Mary, “Mater Ecclesiae,” Mother of the Church, is the title proclaimed by Pope Paul VI at the conclusion of the third session of Vatican II (1964). This proclamation is not a new doctrinal revelation but the explicitation of a reality present in Jn 19:26-27: “Behold your mother,” Jesus gives Mary to the beloved disciple and, by extension, to the Church He represents. The Church inaugurated by the twelve with their sending in Mt 10 has in Mary its Mother, not the institutional founder (that role belongs to Peter and the apostles), but the Mother who accompanies, intercedes, and sustains.
IV. Mary and the Twelve in the Cenacle: The Church is Born in Prayer
After the Ascension, “the apostles returned to Jerusalem… and entered the Cenacle… All of them persevered unanimously in prayer, with some women, with Mary, the mother of Jesus, and with His brothers” (Acts 1:12-14). This image of the twelve—less Judas and more Matthias who was about to be chosen—gathered with Mary in prayer before Pentecost is one of the most theologically rich images in the New Testament for the relationship between Mary and the apostolate.
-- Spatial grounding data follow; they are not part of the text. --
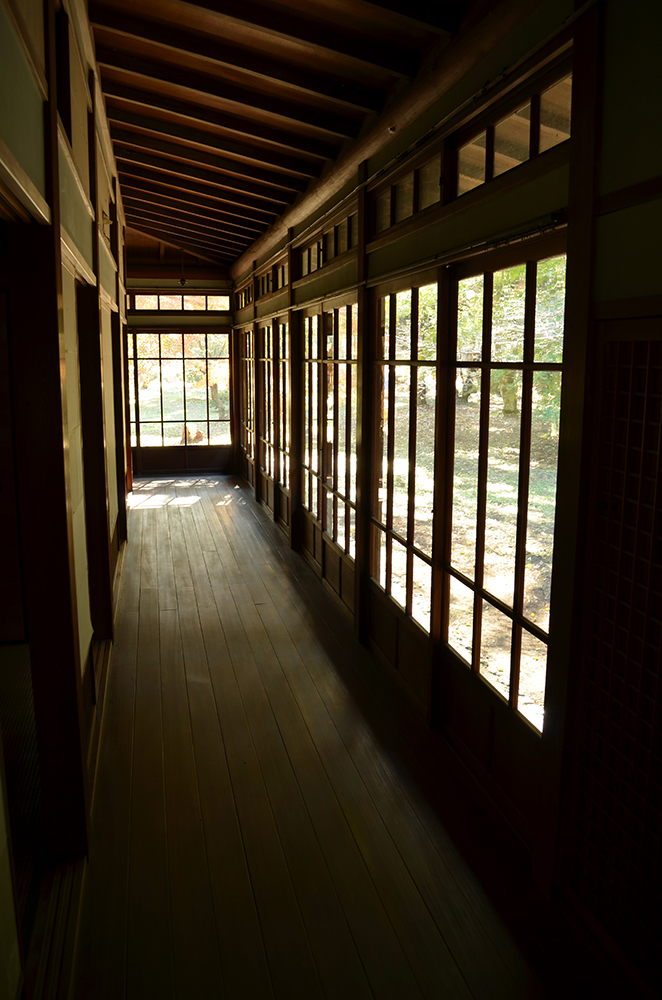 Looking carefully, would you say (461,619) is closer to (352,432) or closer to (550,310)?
(550,310)

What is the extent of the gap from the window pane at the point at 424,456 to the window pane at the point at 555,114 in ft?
4.02

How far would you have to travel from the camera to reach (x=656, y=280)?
1876 millimetres

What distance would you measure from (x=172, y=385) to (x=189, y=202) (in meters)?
4.11

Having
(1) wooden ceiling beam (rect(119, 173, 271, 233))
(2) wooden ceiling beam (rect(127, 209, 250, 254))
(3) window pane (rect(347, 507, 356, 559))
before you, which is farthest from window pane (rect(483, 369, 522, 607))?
(2) wooden ceiling beam (rect(127, 209, 250, 254))

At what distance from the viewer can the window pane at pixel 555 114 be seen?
91.0 inches

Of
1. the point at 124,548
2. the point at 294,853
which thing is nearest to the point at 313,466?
the point at 124,548

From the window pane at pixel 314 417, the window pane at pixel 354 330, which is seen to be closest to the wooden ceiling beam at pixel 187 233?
the window pane at pixel 314 417

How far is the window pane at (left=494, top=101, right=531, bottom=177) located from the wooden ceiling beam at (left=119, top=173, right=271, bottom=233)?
4.75m

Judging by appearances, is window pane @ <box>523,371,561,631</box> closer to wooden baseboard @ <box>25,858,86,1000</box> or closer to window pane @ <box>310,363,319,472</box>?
wooden baseboard @ <box>25,858,86,1000</box>

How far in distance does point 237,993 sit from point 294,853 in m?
0.65

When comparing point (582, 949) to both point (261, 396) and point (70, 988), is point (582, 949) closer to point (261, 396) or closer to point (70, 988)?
point (70, 988)

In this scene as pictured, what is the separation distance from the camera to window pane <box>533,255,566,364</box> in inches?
93.8

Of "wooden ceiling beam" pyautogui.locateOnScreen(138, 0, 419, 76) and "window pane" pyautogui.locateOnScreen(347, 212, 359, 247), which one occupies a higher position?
"wooden ceiling beam" pyautogui.locateOnScreen(138, 0, 419, 76)

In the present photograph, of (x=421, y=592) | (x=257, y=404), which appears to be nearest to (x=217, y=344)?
(x=257, y=404) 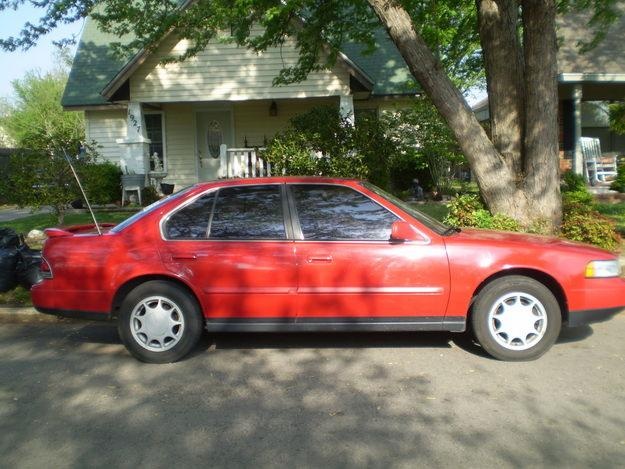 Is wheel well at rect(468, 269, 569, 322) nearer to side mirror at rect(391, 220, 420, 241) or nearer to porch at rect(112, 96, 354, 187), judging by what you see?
side mirror at rect(391, 220, 420, 241)

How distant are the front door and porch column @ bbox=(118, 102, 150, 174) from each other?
208cm

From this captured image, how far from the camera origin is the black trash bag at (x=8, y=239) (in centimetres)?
727

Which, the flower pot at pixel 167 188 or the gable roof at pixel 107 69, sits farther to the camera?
the gable roof at pixel 107 69

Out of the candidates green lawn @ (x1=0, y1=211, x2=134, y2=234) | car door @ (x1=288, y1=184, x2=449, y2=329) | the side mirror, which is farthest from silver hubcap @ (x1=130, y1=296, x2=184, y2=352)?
green lawn @ (x1=0, y1=211, x2=134, y2=234)

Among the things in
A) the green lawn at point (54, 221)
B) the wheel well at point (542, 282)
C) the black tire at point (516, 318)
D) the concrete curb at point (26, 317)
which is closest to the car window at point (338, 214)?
the wheel well at point (542, 282)

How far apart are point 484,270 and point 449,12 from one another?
388 inches

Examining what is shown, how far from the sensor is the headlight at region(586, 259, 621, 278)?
15.9 ft

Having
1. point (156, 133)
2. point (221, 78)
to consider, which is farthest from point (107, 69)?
point (221, 78)

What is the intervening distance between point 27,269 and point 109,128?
37.6ft

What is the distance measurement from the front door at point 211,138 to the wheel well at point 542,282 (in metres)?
13.7

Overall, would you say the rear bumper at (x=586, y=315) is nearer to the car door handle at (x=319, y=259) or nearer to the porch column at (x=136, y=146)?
the car door handle at (x=319, y=259)

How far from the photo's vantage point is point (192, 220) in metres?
5.14

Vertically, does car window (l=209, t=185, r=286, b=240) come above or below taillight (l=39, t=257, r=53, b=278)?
above

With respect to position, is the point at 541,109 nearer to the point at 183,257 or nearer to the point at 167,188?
the point at 183,257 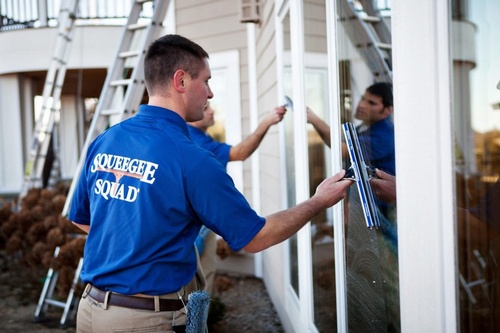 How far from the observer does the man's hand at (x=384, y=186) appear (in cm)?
198

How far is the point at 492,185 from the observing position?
1.35 m

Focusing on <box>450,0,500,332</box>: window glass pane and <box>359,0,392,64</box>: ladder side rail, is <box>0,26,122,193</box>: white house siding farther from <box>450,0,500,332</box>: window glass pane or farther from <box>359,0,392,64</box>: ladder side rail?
<box>450,0,500,332</box>: window glass pane

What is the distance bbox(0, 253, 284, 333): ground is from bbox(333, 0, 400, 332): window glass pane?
8.55ft

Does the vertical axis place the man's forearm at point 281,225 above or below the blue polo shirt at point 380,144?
below

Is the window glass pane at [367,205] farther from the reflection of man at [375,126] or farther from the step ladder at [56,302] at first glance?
the step ladder at [56,302]

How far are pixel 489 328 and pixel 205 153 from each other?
112 cm

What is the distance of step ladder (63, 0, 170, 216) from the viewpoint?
220 inches

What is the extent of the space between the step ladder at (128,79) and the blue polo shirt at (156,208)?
3446mm

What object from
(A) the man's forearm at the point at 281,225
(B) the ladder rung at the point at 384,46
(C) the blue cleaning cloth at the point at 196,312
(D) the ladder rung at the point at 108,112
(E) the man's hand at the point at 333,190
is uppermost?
(B) the ladder rung at the point at 384,46

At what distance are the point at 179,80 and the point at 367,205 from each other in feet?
3.10

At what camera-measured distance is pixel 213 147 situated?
4.46 metres

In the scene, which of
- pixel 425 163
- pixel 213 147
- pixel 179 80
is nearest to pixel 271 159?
pixel 213 147

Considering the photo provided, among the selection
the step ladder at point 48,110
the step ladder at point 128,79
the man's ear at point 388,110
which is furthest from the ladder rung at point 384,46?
the step ladder at point 48,110

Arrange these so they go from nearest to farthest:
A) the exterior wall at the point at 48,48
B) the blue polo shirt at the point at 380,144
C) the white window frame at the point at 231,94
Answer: the blue polo shirt at the point at 380,144, the white window frame at the point at 231,94, the exterior wall at the point at 48,48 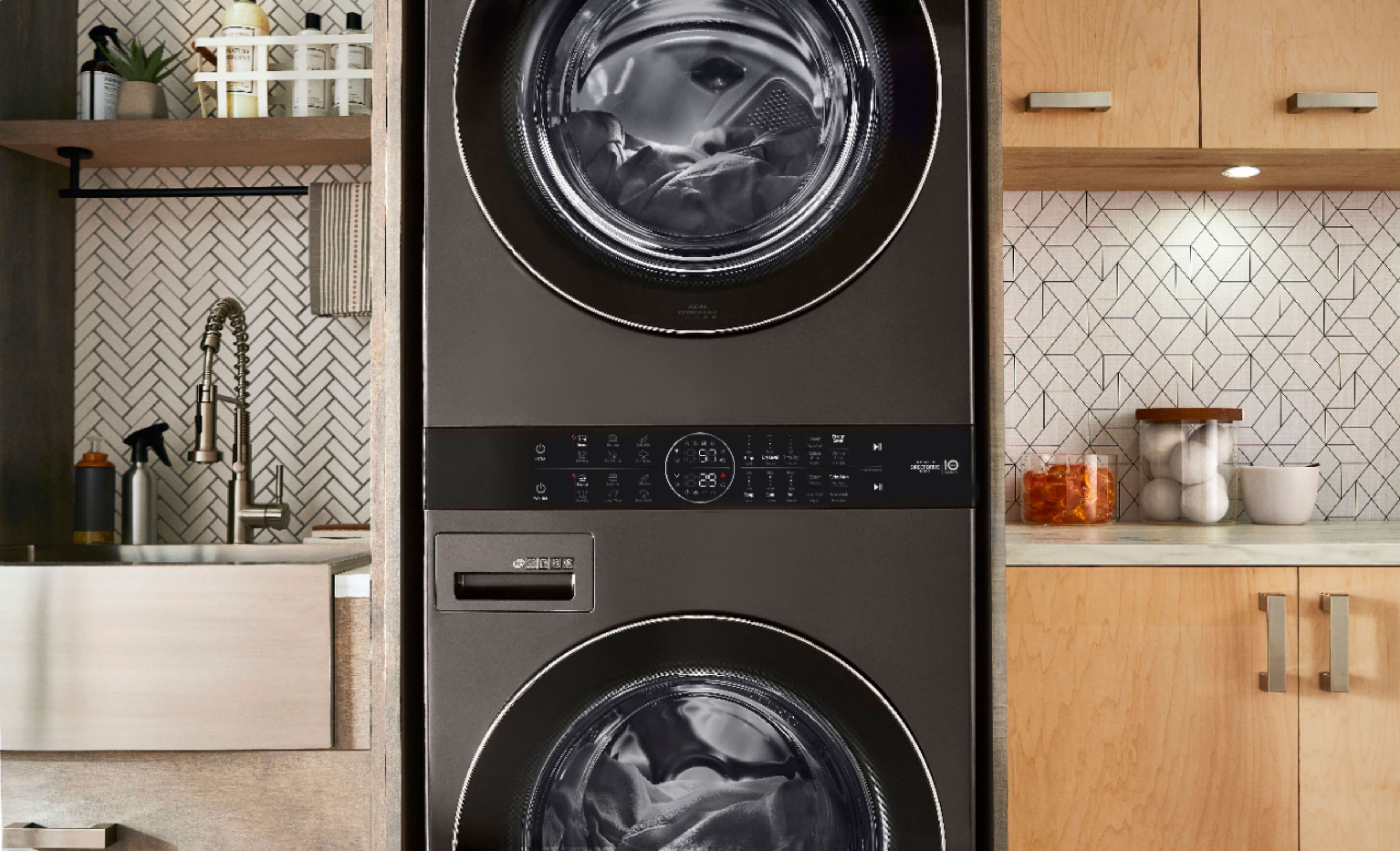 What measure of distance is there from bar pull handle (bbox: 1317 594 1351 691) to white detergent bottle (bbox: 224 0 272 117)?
80.0 inches

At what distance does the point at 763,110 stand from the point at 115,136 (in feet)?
4.38

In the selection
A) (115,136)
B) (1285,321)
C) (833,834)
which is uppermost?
(115,136)

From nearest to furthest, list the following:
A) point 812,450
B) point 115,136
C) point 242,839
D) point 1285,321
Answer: point 812,450
point 242,839
point 115,136
point 1285,321

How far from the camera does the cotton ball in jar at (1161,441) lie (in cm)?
186

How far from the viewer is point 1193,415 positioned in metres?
1.80

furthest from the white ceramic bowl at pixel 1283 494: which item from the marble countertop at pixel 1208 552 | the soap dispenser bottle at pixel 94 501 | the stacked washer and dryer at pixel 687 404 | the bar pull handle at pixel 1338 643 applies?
the soap dispenser bottle at pixel 94 501

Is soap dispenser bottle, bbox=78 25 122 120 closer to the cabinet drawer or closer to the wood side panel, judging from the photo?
the wood side panel

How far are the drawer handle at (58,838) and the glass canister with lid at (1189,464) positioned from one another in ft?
6.14

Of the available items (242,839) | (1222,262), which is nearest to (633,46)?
(242,839)

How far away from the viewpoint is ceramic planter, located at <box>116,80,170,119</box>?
5.85 ft

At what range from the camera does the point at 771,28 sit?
106 centimetres

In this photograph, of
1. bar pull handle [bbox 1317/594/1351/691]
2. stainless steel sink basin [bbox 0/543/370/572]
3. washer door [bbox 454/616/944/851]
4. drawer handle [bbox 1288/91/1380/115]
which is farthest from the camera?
stainless steel sink basin [bbox 0/543/370/572]

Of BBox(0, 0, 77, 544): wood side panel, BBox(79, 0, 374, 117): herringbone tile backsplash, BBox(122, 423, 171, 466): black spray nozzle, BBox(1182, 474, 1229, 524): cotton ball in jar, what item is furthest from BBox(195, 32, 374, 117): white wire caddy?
BBox(1182, 474, 1229, 524): cotton ball in jar

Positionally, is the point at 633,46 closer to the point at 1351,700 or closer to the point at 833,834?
the point at 833,834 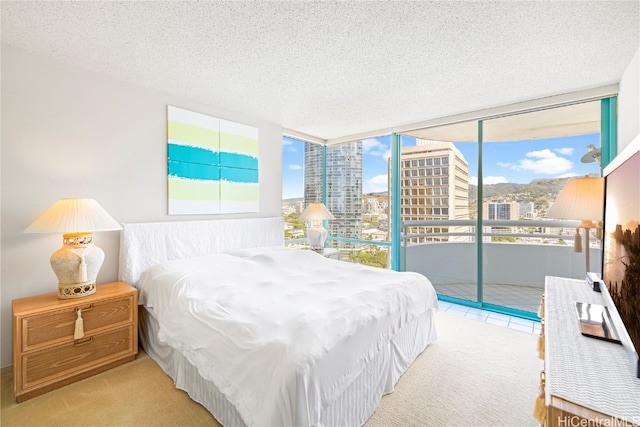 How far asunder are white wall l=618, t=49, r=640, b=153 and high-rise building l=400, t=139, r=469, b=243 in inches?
59.7

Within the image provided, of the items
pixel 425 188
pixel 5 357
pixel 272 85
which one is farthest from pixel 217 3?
pixel 425 188

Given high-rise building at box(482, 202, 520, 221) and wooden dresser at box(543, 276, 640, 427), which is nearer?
wooden dresser at box(543, 276, 640, 427)

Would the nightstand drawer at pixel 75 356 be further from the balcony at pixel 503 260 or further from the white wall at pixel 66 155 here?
the balcony at pixel 503 260

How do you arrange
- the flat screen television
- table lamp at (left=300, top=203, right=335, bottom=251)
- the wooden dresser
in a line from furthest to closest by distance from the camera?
table lamp at (left=300, top=203, right=335, bottom=251) → the flat screen television → the wooden dresser

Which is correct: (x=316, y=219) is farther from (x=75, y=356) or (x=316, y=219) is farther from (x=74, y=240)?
(x=75, y=356)

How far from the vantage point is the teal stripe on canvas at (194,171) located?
122 inches

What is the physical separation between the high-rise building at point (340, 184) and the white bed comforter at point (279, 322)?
253cm

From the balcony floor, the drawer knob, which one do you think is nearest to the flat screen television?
the balcony floor

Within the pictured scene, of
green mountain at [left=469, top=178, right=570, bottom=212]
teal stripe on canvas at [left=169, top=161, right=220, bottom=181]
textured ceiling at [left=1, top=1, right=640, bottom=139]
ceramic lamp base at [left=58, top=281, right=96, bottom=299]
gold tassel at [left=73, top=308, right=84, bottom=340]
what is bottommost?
gold tassel at [left=73, top=308, right=84, bottom=340]

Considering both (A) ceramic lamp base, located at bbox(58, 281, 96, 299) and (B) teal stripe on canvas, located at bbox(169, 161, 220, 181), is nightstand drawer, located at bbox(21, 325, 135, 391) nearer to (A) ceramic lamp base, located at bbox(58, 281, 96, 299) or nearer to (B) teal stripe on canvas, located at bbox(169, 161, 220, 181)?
(A) ceramic lamp base, located at bbox(58, 281, 96, 299)

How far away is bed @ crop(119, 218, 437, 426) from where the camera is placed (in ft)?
4.34

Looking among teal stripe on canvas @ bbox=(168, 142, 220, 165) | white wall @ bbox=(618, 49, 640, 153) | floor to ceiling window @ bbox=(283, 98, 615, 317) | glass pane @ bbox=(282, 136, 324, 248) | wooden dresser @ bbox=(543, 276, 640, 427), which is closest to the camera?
wooden dresser @ bbox=(543, 276, 640, 427)

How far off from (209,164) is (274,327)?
2.48 m

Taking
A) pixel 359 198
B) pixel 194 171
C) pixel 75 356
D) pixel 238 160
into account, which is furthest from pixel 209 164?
pixel 359 198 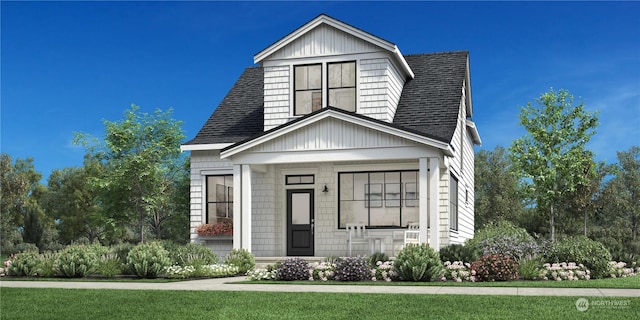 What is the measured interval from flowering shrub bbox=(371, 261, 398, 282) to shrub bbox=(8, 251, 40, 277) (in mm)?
9118

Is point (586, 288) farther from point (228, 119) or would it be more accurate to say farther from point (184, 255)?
point (228, 119)

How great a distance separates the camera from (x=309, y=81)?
73.0 ft

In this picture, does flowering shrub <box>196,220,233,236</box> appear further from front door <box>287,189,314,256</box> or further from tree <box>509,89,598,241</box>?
tree <box>509,89,598,241</box>

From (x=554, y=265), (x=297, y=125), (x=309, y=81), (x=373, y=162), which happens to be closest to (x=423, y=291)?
(x=554, y=265)

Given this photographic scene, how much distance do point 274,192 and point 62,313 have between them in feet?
39.5

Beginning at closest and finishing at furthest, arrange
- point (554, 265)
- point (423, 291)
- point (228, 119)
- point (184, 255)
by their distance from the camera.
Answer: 1. point (423, 291)
2. point (554, 265)
3. point (184, 255)
4. point (228, 119)

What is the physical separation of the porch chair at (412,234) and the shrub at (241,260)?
4.37 m

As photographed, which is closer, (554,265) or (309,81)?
(554,265)

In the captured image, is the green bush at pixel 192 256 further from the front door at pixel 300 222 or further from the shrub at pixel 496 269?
the shrub at pixel 496 269

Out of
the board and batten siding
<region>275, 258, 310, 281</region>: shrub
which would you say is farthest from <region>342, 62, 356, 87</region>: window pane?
<region>275, 258, 310, 281</region>: shrub

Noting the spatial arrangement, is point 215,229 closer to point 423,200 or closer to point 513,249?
point 423,200

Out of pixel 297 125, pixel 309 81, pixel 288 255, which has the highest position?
pixel 309 81

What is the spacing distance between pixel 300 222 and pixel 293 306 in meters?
11.7

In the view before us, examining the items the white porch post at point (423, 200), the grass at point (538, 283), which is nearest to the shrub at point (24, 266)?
the grass at point (538, 283) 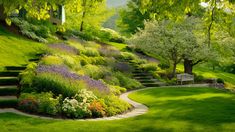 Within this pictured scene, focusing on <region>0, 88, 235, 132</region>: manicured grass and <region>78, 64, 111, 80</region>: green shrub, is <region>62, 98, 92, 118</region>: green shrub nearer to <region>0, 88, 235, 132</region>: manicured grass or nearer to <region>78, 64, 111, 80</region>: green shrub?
<region>0, 88, 235, 132</region>: manicured grass

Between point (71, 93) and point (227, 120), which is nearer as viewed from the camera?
point (227, 120)

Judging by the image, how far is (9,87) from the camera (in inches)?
576

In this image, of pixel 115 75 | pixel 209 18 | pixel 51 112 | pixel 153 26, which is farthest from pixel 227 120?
pixel 153 26

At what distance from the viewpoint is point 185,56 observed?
107ft

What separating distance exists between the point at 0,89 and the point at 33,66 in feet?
11.3

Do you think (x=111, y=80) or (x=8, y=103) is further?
(x=111, y=80)

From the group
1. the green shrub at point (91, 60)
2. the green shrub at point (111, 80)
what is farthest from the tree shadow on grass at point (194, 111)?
the green shrub at point (91, 60)

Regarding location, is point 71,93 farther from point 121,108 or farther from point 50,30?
point 50,30

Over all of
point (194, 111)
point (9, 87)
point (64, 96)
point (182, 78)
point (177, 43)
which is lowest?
point (194, 111)

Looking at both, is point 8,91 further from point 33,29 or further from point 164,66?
point 164,66

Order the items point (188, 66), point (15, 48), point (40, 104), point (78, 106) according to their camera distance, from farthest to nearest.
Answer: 1. point (188, 66)
2. point (15, 48)
3. point (78, 106)
4. point (40, 104)

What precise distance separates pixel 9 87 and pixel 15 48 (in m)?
9.50

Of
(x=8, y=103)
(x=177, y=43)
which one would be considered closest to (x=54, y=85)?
(x=8, y=103)

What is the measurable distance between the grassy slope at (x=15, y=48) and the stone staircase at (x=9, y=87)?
2.03 metres
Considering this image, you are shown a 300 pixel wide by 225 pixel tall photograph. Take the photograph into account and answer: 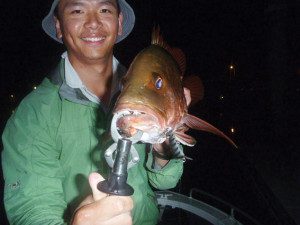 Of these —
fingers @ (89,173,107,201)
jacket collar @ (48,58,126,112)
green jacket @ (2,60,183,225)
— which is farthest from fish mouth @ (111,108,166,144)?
jacket collar @ (48,58,126,112)

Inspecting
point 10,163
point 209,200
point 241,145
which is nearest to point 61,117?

Mary in the Cenacle does not hold an apostolic authority position, she does not preach, she does not preside, she is not the twelve. She holds a position corresponding to her specific mission: the mother who gathers the children, who prays with them, who sustains them through silent intercession as the apostles sustain them through preaching. The “unanimity” of prayer in the Cenacle, “homothumadón,” with one heart, includes Mary as an element of cohesion: the maternal presence that unifies those who could disperse due to temperamental and experiential differences.
Pentecost, which occurs after this unanimous prayer, is equivalent to Mt 10:1’s “He gave them authority over demons and diseases.” The Holy Spirit given at Pentecost is not only authority over demons and illnesses. It is the force of the universal mission that goes from Jerusalem to the ends of the earth (Acts 1:8). Mary who was present in the Cenacle when the Spirit descended upon the twelve was part of the foundational event of the universal mission, and continues, through her intercession, to accompany the mission inaugurated by that Pentecost.